*Records shown*
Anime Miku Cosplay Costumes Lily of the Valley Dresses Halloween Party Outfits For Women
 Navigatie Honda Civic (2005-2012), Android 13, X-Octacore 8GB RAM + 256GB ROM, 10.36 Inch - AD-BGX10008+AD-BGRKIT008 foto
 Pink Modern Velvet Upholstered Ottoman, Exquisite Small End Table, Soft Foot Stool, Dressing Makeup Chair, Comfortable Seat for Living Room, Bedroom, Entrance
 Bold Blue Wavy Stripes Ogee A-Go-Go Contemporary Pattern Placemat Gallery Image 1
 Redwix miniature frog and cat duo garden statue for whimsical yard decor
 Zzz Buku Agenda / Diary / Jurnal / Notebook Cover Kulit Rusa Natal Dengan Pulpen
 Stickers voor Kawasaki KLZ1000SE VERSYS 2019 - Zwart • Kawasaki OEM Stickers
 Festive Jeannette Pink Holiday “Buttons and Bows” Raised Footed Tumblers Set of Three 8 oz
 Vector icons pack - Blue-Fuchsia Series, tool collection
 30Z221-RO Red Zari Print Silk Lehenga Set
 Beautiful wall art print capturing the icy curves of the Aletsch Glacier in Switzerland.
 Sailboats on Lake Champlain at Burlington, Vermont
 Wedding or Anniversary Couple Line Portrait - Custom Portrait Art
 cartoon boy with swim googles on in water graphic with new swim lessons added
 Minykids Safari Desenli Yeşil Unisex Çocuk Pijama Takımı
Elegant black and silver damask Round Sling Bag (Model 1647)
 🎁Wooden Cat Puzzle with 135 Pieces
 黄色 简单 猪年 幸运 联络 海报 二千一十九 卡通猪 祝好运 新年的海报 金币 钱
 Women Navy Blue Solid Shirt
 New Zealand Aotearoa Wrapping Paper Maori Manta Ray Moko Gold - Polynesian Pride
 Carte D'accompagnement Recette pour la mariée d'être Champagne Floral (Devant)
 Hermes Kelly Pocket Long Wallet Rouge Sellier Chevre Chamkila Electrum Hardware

*The problem*
Everything from the line that contains "Wedding or Anniversary" to the last line of the entries above should be repeated word for word, both lines included, with no other output.

*Finished exercise*
 Wedding or Anniversary Couple Line Portrait - Custom Portrait Art
 cartoon boy with swim googles on in water graphic with new swim lessons added
 Minykids Safari Desenli Yeşil Unisex Çocuk Pijama Takımı
Elegant black and silver damask Round Sling Bag (Model 1647)
 🎁Wooden Cat Puzzle with 135 Pieces
 黄色 简单 猪年 幸运 联络 海报 二千一十九 卡通猪 祝好运 新年的海报 金币 钱
 Women Navy Blue Solid Shirt
 New Zealand Aotearoa Wrapping Paper Maori Manta Ray Moko Gold - Polynesian Pride
 Carte D'accompagnement Recette pour la mariée d'être Champagne Floral (Devant)
 Hermes Kelly Pocket Long Wallet Rouge Sellier Chevre Chamkila Electrum Hardware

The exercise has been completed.